DATASET CONTENT:
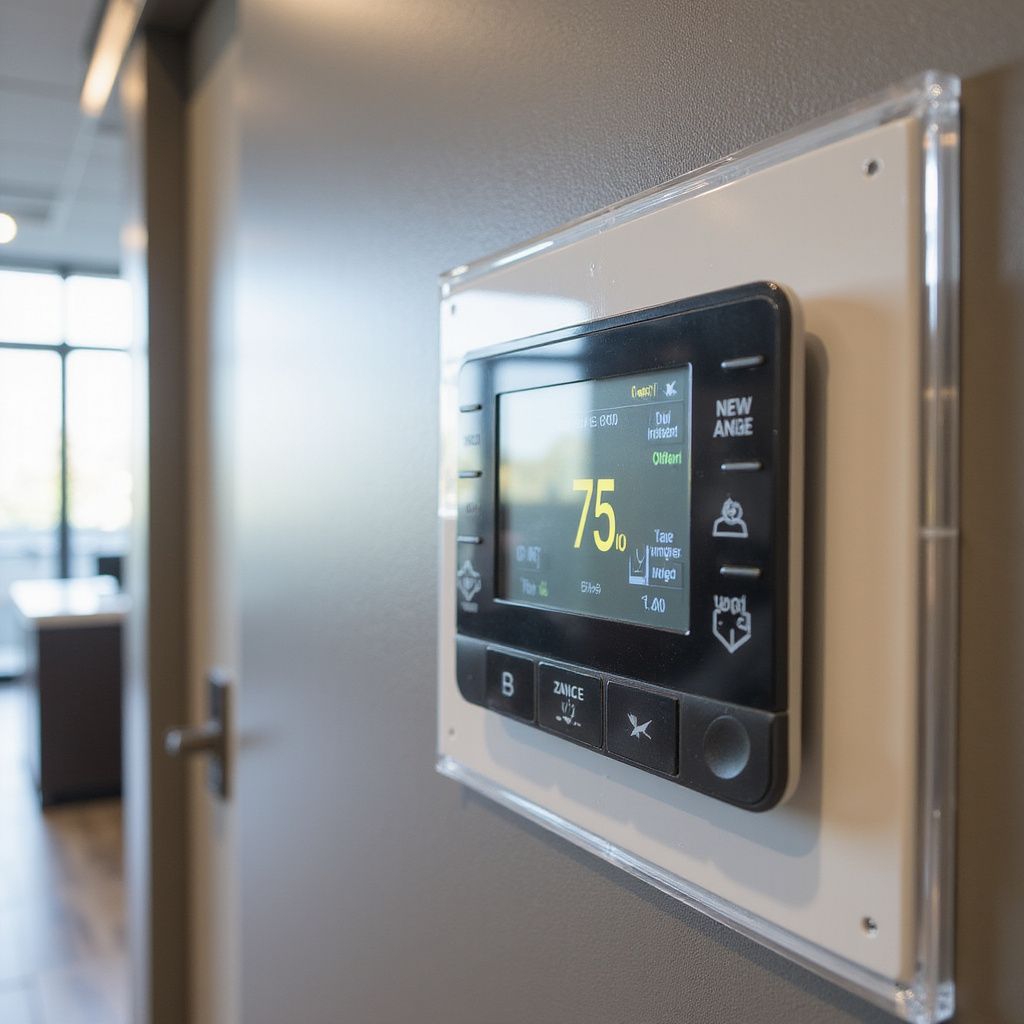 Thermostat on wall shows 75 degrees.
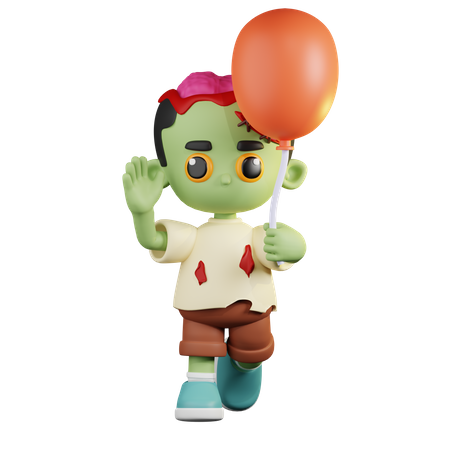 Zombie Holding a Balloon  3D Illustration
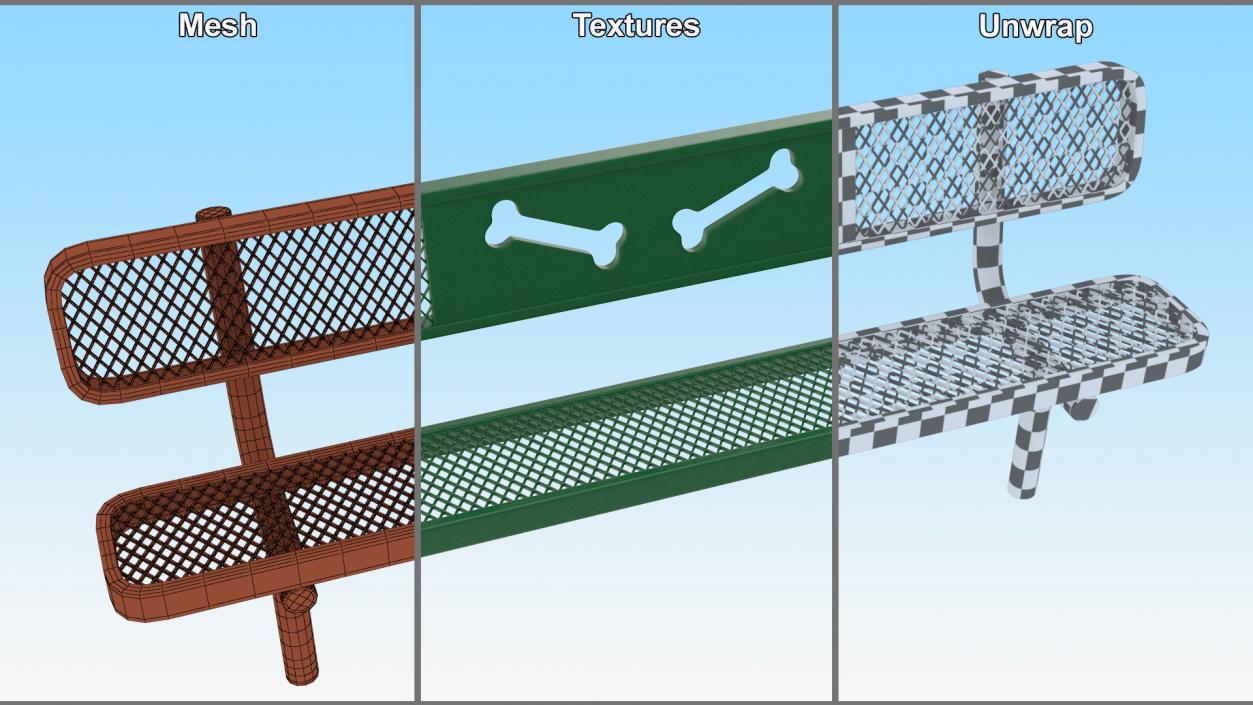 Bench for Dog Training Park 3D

TASK DESCRIPTION:
Down to the last line, set down the data above exactly, and omit all images.

ANSWER TO THIS EXERCISE:
 Thermostat on wall shows 75 degrees.
 Zombie Holding a Balloon  3D Illustration
 Bench for Dog Training Park 3D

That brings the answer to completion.